Cryptocurrencies are one of the most lucrative asset classes in the world at the moment. Big tokens like Bitcoin and Ethereum have been around for less than two decades and increased their value by more than 350,000%.
However, cryptocurrencies can be just as risky as they are profitable. Investors have lost their life savings speculating on blockchain tokens, and newcomers should proceed with caution when investing.
These are the top things you should consider before investing in crypto tokens:
- Is it a project?
- Tokens require community
- Past and current performance
- Be cautious but decisive
Always remember that not all tokens have the same function. Some are made for gaming and some are great for staking. Others are a relatively stable stores of value while a lot of them are just scams.
1. Is it a project?
When you’re exploring cryptocurrencies to invest in, always remember that the best ones are those that have utility beyond pure speculation. When you’re in your discovery phase, find tokens that are attached to sustainable projects with long-term goals.
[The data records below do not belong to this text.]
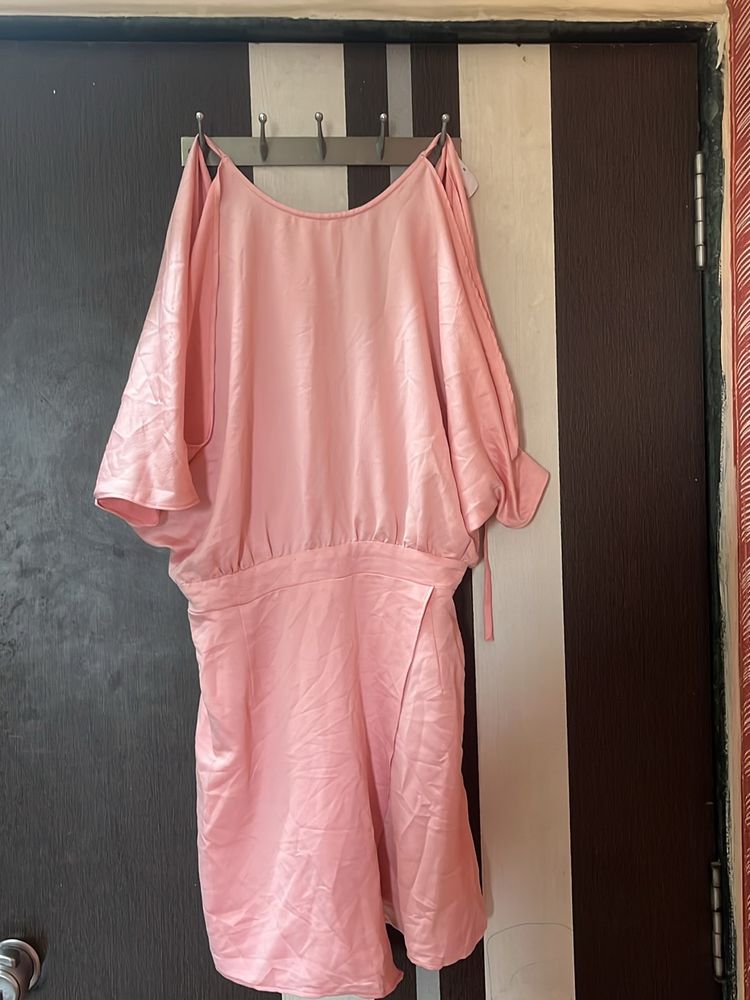 Baby Pink Cold Shoulder Backless Jumpsuit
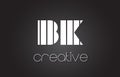 BK B K Letter Logo Design With White and Black Lines.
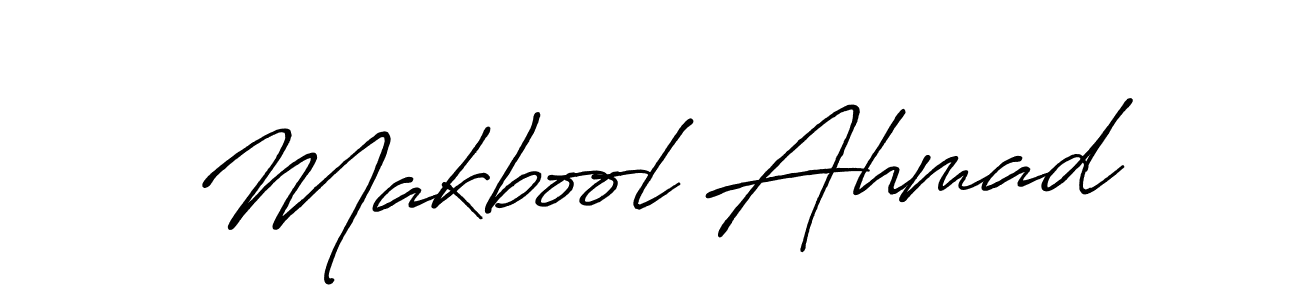 Also we have Makbool Ahmad name is the best signature style. Create professional handwritten signature collection using Antro_Vectra_Bolder autograph style. Makbool Ahmad signature style 7 images and pictures png
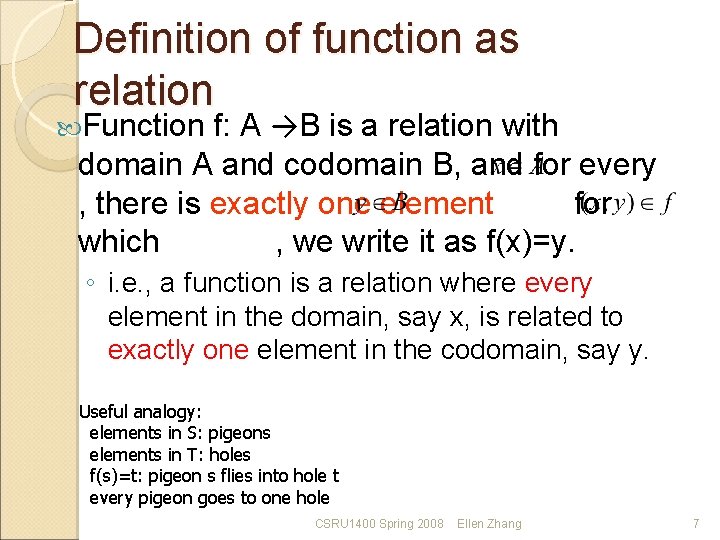Definition of function as relation f: A →B is a relation with domain A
Has the token project introduced new functions? Or is the development team using older tech in a better way, perhaps as the foundation for a new way of doing things? You also want to make sure the project’s applications are practical, achievable, and exhaustively explored in their whitepaper.
Ultimately, it’s important to invest in projects that aim to develop an actual project. Learn about the token economy and the creators’ background. Find out if seasoned cryptos whales are involved and if there’s funding in place so the team can fulfil its mission.
These are important factors you need to know about before diving headfirst into a new project and buying up their token.
2. Tokens require community
Consult the top online crypto communities and see what people think about the token you are interested in. Start with forums, like Reddit and Discord. And check social media as well. Both LinkedIn and Twitter can be good sources of information.
Use these resources to see what experienced traders, investors, and developers are saying about the coin. You should find answers to questions that whitepapers and press releases do not address.
It’s important to recognize that no project can thrive when it’s made up only of shillers. Within any community there needs to be developers, content creators, fan websites, and people providing perspective and analysis.
When these ingredients combine, there’s a potential for a token to succeed. No crypto token can find long-term success based on people asking ‘when moon?’
You want to make sure you investigate the developers before investing in a project. Research the people behind the developments, check for developer activity, and development roadmaps. Leave no stone unturned, and make sure to consult all their social media, Github and Codebase contributions, and past projects.
If the developers behind a token are anonymous, tread with extra caution. There are limited ways of tracking them and holding them to account. And there will be no way of getting your money back in the case of a rug pull.
This doesn’t mean that every anonymous project will fail, but when you’re investing serious money, you also need a minimum level of security.
4. Past and current performance
Most experienced traders don’t recommend buying into a coin dip for obvious reasons. The dip won’t matter as much in the long run if the asset is going to perform.
After researching the coin online, hop onto your preferred exchange and see how well it’s doing. Look at the market cap, trading volume, the overall trend, and market history, if the coin has been in circulation for a few years.
You want to look for a high market cap with more tokens to come, an uptrend, and decent volume to push activity. If you find all these, you could shortlist the coin for long-term investment.
5. Be cautious but decisive
Once you’ve done your due diligence, you should be set to invest. However, note that investing in cryptocurrencies carries a certain risk regardless of how impressive and unique it might look.
The crypto markets are strongly driven by market sentiment alongside fundamental analysis. We recommend not tying all of your assets up in a single token.
Keep a wide spread across multiple interesting coins, and buy to hold and not to swap all the time. Finally, if something is too good to be true, in the world of cryptocurrencies, it often is.